* Task item:
Only the lines of the listing below that run from the line with "UGREEN Mini HDMI" through the line with "scanned 3D woman" are to be set down, word for word. Pictures stay out.

[Source material]

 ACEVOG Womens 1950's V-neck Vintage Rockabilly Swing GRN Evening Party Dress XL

[/Source material]
[Source material]

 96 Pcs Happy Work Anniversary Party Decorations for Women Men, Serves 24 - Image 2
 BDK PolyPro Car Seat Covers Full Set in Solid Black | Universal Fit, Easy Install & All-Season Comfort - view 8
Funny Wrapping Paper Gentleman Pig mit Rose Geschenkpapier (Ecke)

[/Source material]
[Source material]

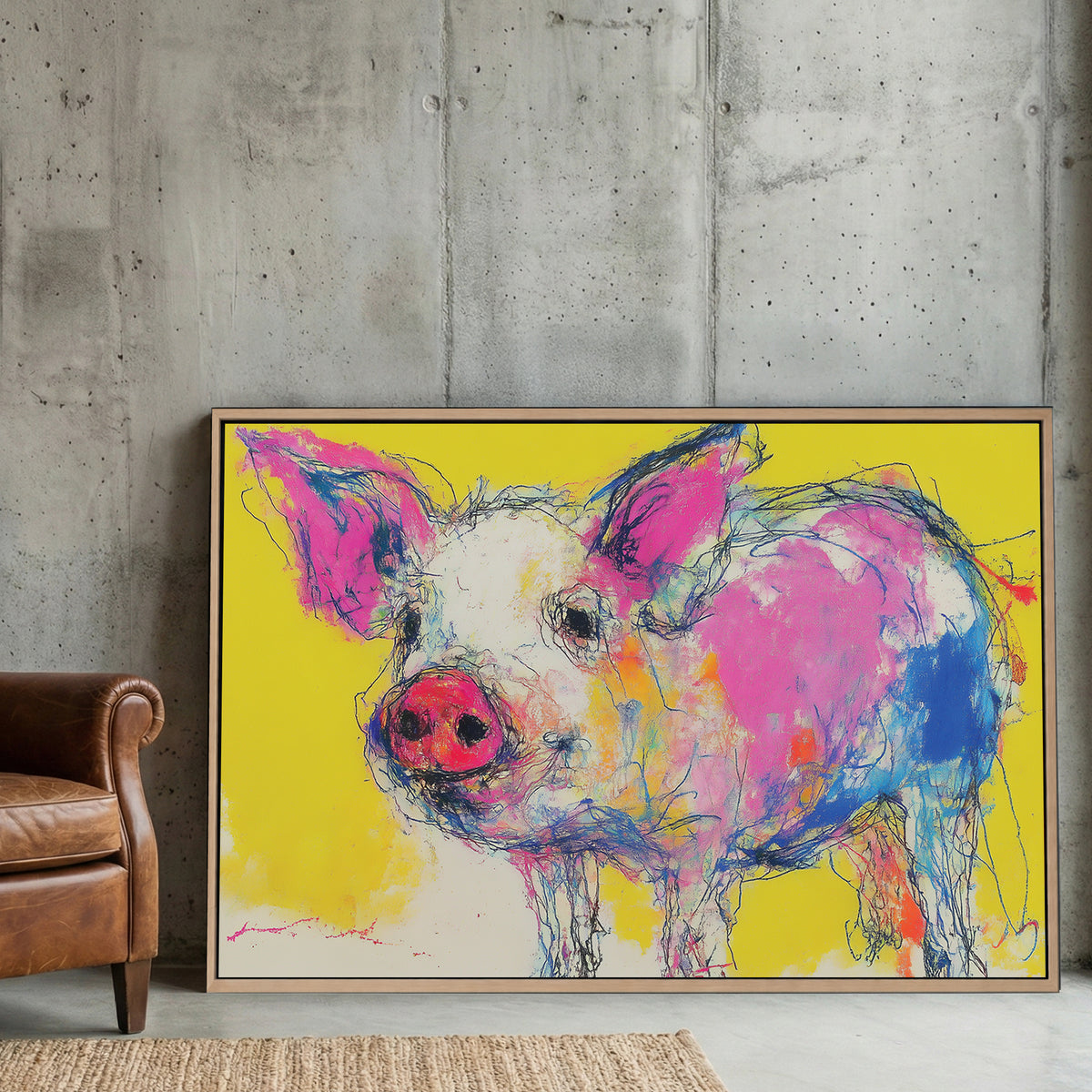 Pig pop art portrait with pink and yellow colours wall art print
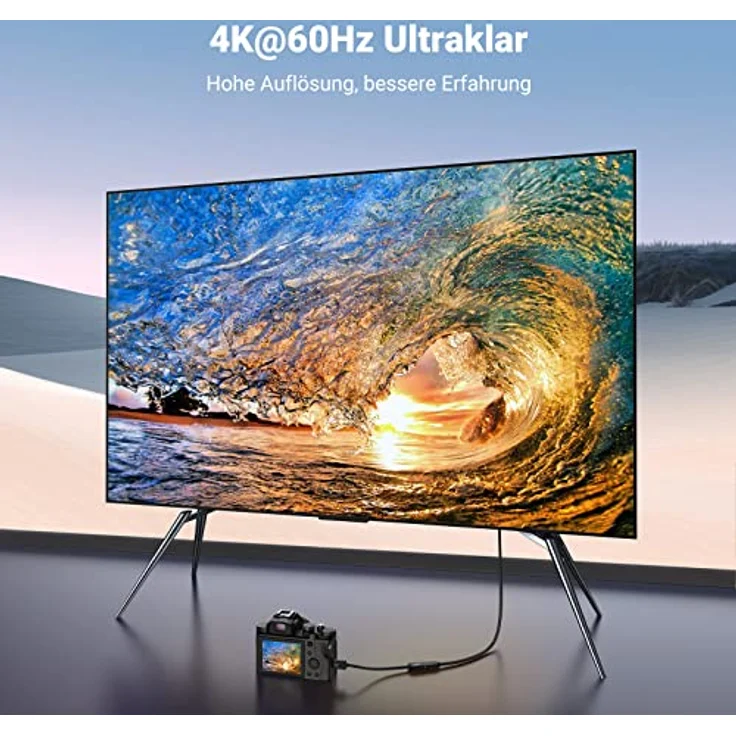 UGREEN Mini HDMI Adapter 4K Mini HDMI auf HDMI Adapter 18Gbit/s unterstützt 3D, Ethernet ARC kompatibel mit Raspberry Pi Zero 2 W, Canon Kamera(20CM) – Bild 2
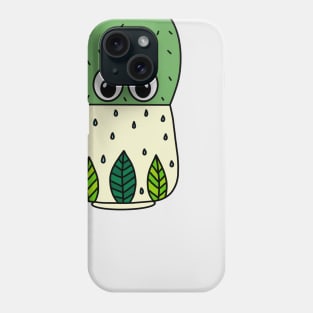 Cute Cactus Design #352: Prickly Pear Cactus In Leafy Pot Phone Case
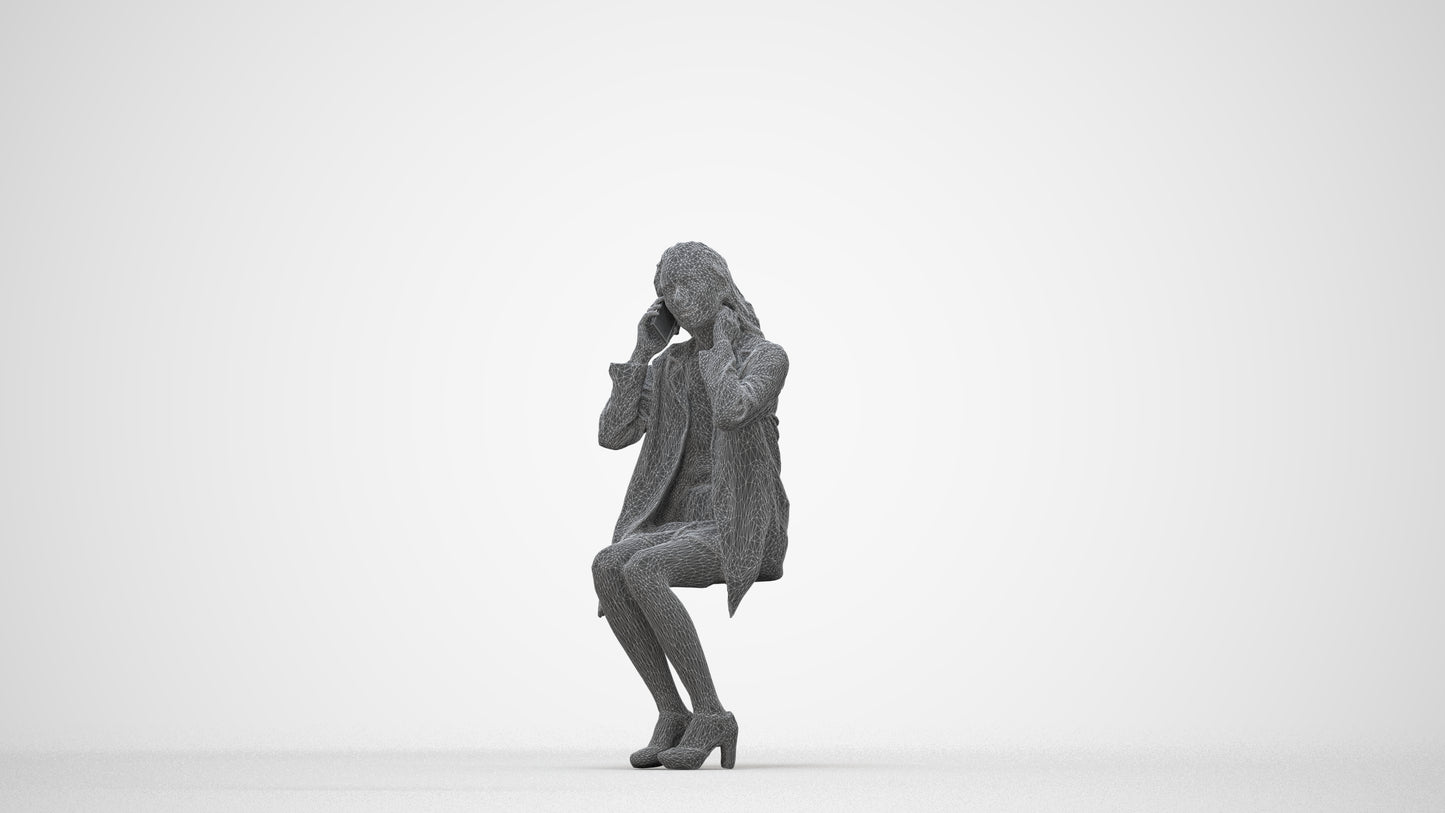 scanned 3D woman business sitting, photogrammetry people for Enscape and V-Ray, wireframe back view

[/Source material]

* Problem solution:
 UGREEN Mini HDMI Adapter 4K Mini HDMI auf HDMI Adapter 18Gbit/s unterstützt 3D, Ethernet ARC kompatibel mit Raspberry Pi Zero 2 W, Canon Kamera(20CM) – Bild 2
 Cute Cactus Design #352: Prickly Pear Cactus In Leafy Pot Phone Case
 scanned 3D woman business sitting, photogrammetry people for Enscape and V-Ray, wireframe back view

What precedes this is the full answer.